Rahm was on the range, preparing for an unexpected playoff when Dustin Johnson rolled in a 45-foot birdie putt down the ridge. Moments later, Rahm faced an even longer and much more difficult putt on the 18th - just outside 65 feet that needed to be played at nearly a 90-degree angle to the top of the ridge.
From there, it was almost a replay of Johnson's putt as it headed down the slope, kissed off the pin and disappeared into the cup. "I still can't believe what just happened," Rahm said. Neither could Johnson, who really wanted his second straight victory.
He could only laugh, at his putt and Rahm's winner. "I played an unbelievable putt, got in the playoff and then Jon made an even more ridiculous putt on top of me," said Johnson, who at least kept his No. 1 ranking in the world and in the FedEx Cup.
The putts overshadowed a command performance by Rahm, who closed with a 66-64 weekend on an Olympia Fields course that played like the toughest test in golf.
Spectacular golf all round
Rahm's only bogey on the weekend came on the fifth hole on Saturday when he spaced out bizarrely picked up his golf ball from the green without marking it.
There was the 6-iron from 218 yards for his third shot on the par-5 15th after his tee shot went into the trees and barely came out, setting up a key birdie. There was also his spectacular 30-foot birdie putt on the par-3 16th for a two-shot lead.
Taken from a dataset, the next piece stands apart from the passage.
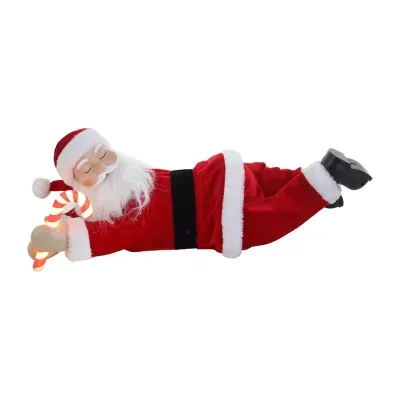 Sleeping Santa Animated Christmas Tabletop Decor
However, Johnson it erased with two birdies of his own. "That stretch of waiting for DJ, him making the putt, going in the playoff, me making the putt, then trying to stay mentally in it just in case he made the last putt, it's been a roller coaster, but so much fun," Rahm said.
All he could think about on the 18th green in the playoff was finding a way to get to the next hole, knowing he had a putt from one end of the green to the other and Johnson had a 30-footer. And then it was over. Rahm won for the second time this year, and for the 11th time worldwide in his four years as a pro.
Tiger Woods missed all the action. He made double bogey on his 17th hole for a 71, making this the first time he was over par in all four rounds of a tournament since the Bridgestone Invitational in 2010. Woods failed to reach the Tour Championship for the second straight year.
He now gets two weeks off before the U.S. Open at Winged Foot, and Olympia Fields proved to be a good test for that. "I think we all want the flashy finish, maybe not the stress that comes with it," Rahm said. "But I set out with myself to enjoy even the uncomfortable moments we had out there today.
And man, it was fun." The course that all week felt like a U.S. Open delivered the kind of excitement typical of the Masters.